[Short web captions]
▬▬▬
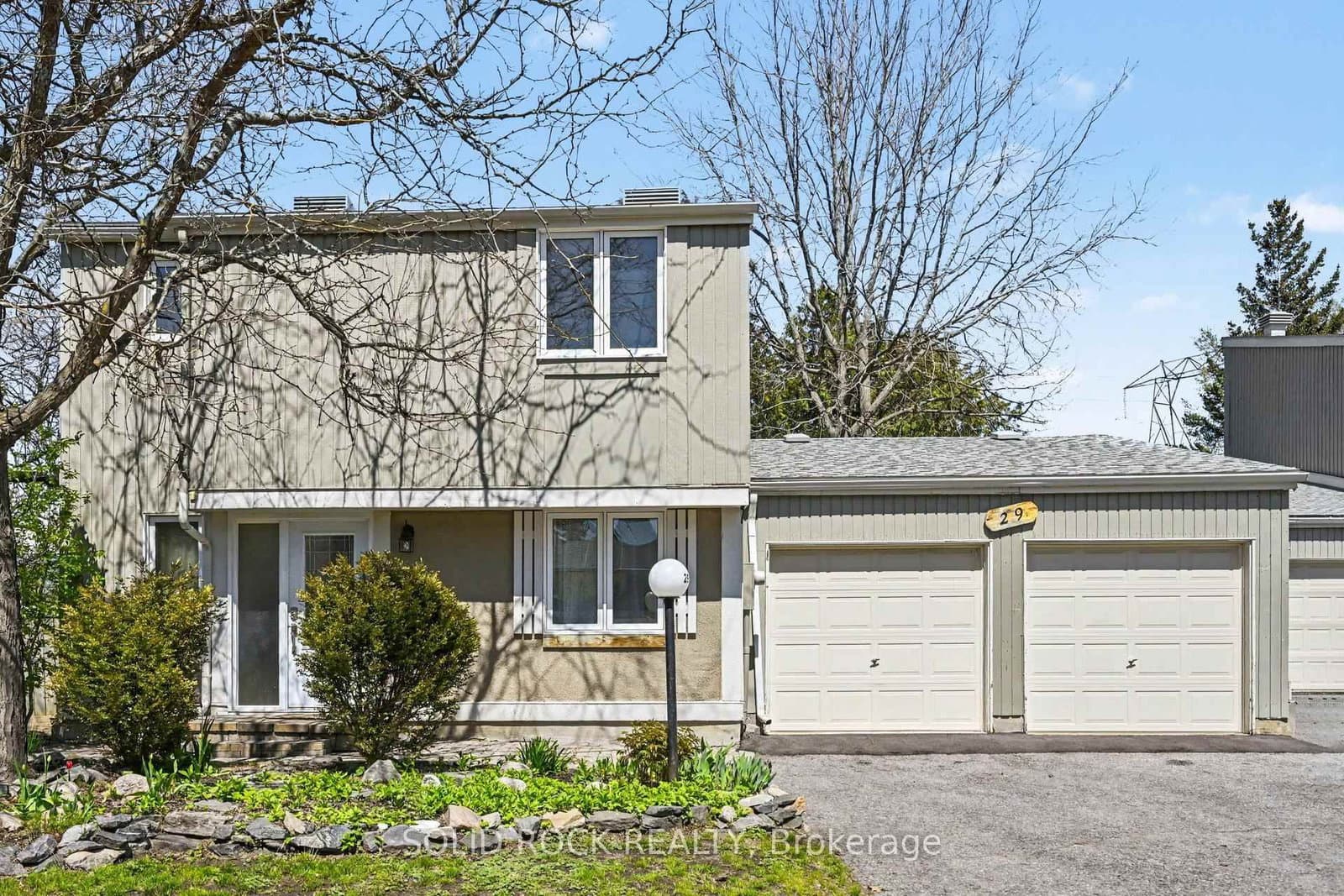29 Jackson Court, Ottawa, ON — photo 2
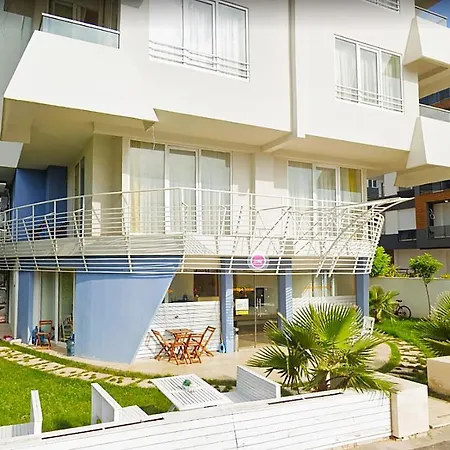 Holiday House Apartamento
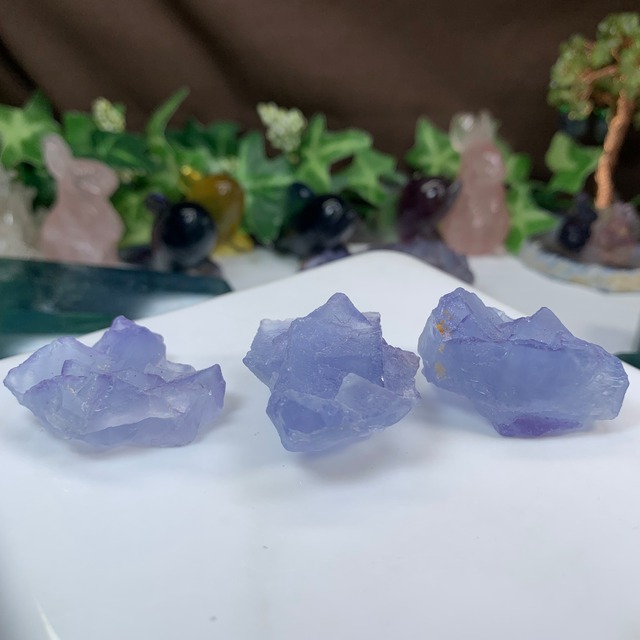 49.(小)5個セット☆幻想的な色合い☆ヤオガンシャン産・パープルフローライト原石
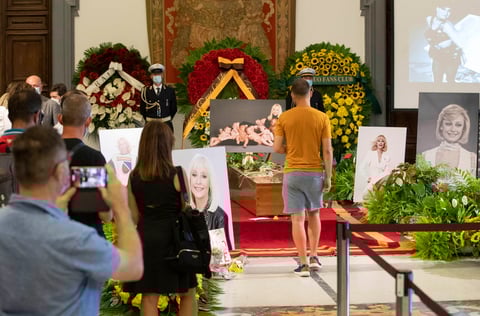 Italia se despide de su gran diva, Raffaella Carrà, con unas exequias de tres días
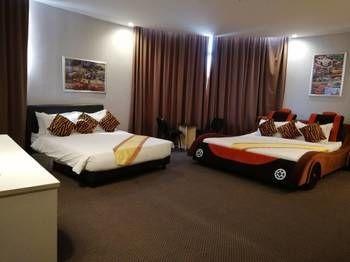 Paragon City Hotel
▬▬▬
* Exercise aim *
When copying the entries above, keep each word as it is and exclude any image.

* Solution to this task *
29 Jackson Court, Ottawa, ON — photo 2
 Holiday House Apartamento
 49.(小)5個セット☆幻想的な色合い☆ヤオガンシャン産・パープルフローライト原石
 Italia se despide de su gran diva, Raffaella Carrà, con unas exequias de tres días
 Paragon City Hotel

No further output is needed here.